U. to side with UT-Austin in affirmative action case
As the Supreme Court plans to hear a major affirmative action case this spring, the University will continue to express support for the consideration of race in the admissions process, officials said.
The Court decided last Tuesday to review the case of Fisher v. Texas, in which Abigail Fisher, a white student, claimed to be denied admission to the University of Texas at Austin because of her race. Fisher filed a lawsuit for alleged racial discrimination. This is the third time the nation’s highest court has decided to hear a case on affirmative action. The court last evaluated the use of race in admissions in 2003.
University General Counsel Peter McDonough said that Princeton will support the University of Texas in the case and will consider filing a supportive testimony.
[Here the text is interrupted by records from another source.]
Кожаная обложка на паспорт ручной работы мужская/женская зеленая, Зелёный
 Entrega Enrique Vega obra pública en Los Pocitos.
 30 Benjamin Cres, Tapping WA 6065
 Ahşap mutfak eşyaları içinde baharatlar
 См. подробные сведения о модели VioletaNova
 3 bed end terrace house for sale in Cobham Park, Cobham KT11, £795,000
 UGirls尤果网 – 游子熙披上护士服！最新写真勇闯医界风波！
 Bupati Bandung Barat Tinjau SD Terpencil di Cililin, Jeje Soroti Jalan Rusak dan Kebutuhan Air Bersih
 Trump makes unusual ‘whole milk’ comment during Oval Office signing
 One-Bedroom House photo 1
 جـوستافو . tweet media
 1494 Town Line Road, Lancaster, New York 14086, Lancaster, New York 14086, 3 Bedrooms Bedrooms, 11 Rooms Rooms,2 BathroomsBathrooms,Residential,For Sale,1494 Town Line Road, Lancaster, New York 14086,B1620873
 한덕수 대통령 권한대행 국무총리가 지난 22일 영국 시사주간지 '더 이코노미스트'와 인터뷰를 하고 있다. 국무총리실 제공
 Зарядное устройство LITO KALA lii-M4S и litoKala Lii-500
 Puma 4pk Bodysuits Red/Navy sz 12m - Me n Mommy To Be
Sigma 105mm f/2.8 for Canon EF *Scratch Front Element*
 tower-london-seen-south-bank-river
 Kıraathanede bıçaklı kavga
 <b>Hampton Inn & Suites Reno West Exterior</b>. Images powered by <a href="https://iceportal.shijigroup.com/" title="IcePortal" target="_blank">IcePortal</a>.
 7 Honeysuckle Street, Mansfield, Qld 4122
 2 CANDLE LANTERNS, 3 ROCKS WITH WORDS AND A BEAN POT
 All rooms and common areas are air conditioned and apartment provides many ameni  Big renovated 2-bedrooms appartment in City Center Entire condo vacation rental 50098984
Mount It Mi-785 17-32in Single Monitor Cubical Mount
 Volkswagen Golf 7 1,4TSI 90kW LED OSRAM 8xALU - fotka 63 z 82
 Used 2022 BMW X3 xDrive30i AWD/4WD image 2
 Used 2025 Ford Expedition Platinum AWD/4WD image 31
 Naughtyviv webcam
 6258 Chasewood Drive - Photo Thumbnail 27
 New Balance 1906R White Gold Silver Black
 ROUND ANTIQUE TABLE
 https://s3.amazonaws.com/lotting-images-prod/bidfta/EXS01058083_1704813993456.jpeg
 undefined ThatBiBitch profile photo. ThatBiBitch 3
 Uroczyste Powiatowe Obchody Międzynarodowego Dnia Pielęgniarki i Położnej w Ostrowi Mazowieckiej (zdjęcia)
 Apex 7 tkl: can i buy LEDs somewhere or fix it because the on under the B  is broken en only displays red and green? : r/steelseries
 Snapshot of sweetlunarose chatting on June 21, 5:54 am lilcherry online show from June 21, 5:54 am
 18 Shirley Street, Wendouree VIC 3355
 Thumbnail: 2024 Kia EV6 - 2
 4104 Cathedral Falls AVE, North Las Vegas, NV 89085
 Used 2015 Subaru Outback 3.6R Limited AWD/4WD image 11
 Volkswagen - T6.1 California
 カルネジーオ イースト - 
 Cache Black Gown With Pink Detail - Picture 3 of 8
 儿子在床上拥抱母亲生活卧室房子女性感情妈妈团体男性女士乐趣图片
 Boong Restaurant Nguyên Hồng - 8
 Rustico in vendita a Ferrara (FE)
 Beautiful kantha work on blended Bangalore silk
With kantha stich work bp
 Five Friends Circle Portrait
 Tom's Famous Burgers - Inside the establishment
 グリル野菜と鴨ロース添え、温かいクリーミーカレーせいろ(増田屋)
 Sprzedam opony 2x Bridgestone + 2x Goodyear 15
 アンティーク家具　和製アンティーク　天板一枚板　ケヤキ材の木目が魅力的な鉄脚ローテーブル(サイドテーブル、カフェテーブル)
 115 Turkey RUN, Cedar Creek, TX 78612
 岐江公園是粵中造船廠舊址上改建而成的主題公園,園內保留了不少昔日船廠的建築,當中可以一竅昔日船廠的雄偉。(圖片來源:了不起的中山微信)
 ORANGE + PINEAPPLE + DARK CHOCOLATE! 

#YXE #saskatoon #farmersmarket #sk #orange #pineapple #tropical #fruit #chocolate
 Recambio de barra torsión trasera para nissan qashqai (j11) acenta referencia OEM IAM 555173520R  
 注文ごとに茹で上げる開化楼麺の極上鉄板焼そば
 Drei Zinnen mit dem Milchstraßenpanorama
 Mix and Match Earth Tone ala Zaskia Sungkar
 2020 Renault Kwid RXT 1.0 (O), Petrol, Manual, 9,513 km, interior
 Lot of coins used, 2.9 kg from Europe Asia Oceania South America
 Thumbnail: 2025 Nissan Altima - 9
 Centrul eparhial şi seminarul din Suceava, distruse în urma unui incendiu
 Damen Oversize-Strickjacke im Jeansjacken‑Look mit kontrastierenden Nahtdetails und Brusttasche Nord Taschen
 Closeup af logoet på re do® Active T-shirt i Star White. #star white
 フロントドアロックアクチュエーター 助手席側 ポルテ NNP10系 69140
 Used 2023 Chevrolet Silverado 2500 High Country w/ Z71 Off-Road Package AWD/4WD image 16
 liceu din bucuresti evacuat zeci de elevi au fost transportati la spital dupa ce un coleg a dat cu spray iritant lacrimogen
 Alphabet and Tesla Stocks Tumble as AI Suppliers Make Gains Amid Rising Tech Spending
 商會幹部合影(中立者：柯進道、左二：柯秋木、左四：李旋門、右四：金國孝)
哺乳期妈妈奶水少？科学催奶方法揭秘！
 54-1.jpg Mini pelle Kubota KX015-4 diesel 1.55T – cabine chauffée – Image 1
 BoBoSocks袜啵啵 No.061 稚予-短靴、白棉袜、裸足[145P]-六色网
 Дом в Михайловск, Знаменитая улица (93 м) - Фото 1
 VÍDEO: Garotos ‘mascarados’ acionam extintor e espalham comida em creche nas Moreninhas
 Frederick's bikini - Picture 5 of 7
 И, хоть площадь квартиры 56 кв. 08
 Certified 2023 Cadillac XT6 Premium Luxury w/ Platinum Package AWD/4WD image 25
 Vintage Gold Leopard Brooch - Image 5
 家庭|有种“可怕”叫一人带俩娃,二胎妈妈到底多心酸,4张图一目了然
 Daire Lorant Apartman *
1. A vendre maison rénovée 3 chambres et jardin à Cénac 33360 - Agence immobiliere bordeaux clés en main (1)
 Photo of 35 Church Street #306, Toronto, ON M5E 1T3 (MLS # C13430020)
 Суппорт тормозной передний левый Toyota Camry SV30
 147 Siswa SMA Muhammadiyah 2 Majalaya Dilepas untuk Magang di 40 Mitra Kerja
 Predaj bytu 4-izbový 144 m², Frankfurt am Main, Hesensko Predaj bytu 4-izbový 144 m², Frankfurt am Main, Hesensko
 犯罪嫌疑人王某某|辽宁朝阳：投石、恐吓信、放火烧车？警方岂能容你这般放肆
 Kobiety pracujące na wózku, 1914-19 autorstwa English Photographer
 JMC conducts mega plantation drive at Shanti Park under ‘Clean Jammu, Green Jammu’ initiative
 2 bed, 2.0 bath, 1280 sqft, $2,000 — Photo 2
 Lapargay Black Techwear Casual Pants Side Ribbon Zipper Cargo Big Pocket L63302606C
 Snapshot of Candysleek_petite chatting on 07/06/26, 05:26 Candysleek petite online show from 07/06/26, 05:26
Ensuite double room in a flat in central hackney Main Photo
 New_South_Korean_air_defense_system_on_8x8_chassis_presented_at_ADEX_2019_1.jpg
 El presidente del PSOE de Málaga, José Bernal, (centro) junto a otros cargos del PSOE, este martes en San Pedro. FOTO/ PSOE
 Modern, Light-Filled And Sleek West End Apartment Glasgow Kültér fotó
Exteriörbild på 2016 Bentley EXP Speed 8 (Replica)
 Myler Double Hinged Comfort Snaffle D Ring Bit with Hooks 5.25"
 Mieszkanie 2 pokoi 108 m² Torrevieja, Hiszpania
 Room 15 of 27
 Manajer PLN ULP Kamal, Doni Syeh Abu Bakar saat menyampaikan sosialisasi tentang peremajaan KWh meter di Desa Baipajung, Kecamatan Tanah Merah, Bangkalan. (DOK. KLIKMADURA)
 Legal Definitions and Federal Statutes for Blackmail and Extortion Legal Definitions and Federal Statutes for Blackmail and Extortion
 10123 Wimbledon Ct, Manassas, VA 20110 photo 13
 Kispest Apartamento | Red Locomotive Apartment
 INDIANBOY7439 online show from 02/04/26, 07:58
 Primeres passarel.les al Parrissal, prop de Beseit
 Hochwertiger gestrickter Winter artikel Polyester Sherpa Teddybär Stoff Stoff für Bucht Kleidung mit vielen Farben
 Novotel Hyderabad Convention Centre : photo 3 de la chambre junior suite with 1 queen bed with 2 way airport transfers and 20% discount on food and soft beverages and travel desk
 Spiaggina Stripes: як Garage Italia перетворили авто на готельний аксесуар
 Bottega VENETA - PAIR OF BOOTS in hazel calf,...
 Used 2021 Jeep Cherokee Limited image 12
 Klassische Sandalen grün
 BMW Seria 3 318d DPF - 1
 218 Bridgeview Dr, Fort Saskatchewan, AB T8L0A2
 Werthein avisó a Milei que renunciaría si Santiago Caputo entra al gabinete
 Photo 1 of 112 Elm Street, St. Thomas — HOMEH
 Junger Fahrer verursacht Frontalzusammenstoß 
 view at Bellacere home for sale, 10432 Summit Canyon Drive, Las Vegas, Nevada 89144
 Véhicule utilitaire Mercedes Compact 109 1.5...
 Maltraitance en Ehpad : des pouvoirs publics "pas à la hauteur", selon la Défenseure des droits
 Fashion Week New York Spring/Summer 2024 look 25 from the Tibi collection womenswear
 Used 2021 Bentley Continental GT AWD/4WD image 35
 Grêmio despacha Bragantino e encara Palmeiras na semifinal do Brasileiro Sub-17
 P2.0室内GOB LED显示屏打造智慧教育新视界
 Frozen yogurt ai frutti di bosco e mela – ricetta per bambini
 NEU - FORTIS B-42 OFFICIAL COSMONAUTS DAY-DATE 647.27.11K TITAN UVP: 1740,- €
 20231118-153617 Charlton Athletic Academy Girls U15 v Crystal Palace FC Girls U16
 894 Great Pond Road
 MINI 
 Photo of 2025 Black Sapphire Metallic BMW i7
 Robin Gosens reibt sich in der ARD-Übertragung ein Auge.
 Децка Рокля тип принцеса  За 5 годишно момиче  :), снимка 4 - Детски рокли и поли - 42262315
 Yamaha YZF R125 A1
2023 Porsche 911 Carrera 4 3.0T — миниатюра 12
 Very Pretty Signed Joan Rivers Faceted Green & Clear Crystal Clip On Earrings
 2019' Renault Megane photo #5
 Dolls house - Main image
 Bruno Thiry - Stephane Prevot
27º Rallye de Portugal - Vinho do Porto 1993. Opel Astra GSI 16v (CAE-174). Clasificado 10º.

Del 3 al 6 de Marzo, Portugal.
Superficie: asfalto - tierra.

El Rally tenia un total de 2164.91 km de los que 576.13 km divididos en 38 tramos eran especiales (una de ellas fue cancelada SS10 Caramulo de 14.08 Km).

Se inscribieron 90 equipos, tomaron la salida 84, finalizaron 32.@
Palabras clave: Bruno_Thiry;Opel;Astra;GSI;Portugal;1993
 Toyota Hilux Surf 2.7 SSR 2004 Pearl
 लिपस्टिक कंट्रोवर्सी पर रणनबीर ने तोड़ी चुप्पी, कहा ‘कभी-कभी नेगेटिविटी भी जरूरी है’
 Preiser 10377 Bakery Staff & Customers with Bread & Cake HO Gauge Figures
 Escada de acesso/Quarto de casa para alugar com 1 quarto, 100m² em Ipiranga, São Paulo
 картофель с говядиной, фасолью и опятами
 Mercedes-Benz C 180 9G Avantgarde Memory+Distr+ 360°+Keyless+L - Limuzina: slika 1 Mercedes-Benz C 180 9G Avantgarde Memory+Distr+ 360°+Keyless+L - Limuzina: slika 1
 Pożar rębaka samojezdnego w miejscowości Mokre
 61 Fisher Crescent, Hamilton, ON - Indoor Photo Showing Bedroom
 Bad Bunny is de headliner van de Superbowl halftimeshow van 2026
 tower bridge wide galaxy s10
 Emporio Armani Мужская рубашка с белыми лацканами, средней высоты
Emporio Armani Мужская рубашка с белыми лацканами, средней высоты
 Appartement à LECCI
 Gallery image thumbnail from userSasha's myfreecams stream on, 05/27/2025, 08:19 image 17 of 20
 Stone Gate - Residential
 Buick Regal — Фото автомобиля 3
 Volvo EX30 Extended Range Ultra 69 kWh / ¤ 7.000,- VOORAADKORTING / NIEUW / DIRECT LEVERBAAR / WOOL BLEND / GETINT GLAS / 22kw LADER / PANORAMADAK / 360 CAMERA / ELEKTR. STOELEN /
"I certainly expect that we will be in discussion with our higher education colleagues and peers regarding submitting a friend of the court brief in the Fisher case," McDonough said. "We will be as attentive and involved as we can be in support of the U. of Texas and other members of the university communities in preparing a persuasive explanation for the court," he added.
In the two prior affirmative action cases in 1978 and 2003, the University also filed amicus curiae briefs to the Supreme Court. During the case nine years ago, the University’s brief was submitted in conjunction with Harvard, Brown, University of Chicago, Duke, University of Pennsylvania and Yale.
The University currently considers race in college admissions.
"Our admission practice takes race into account as a plus factor in a process that evaluates each applicant individually and weighs the capacity of each to contribute to the class, the institution and society,” University Spokesperson Martin Mbugua explained.
Even though Princeton is a private university, it would have to comply with federal laws regarding discrimination under Title VI of the Civil Rights Act of 1964 because it receives federal funding.
The University’s co-written amicus brief from 2003 stressed that race or ethnicity was only “one among many factors” in admissions and was not decisive.
The note continued to explain that to overturn the 1978 ruling “would trigger wrenching disruption" and that to prohibit the consideration of race in admissions would “[replace] the benefits of competition, experimentation and heterogeneity with the dead hand of a stifling uniformity."
According to an upcoming article in the Chronicle of Higher Education, the Supreme Court is not expecting to come to the same decision it did in 2003 when it upheld the University of Michigan Law School’s supporting the use of race in admissions. Former Justice Sandra Day O’Connor was the swing vote in the 5–4 decision. The swing vote for the court is now expected to be Justice Anthony Kennedy.
According to the Chronicle, Justice Elena Kagan ’81 has recused herself from the case due to a potential conflict of interest. Prior to her appointment to the court, Kagan served as the Dean of Harvard Law School. The absence of Kagan, who is considered sympathetic to this issue, leaves open the possibility of a tied decision by the court.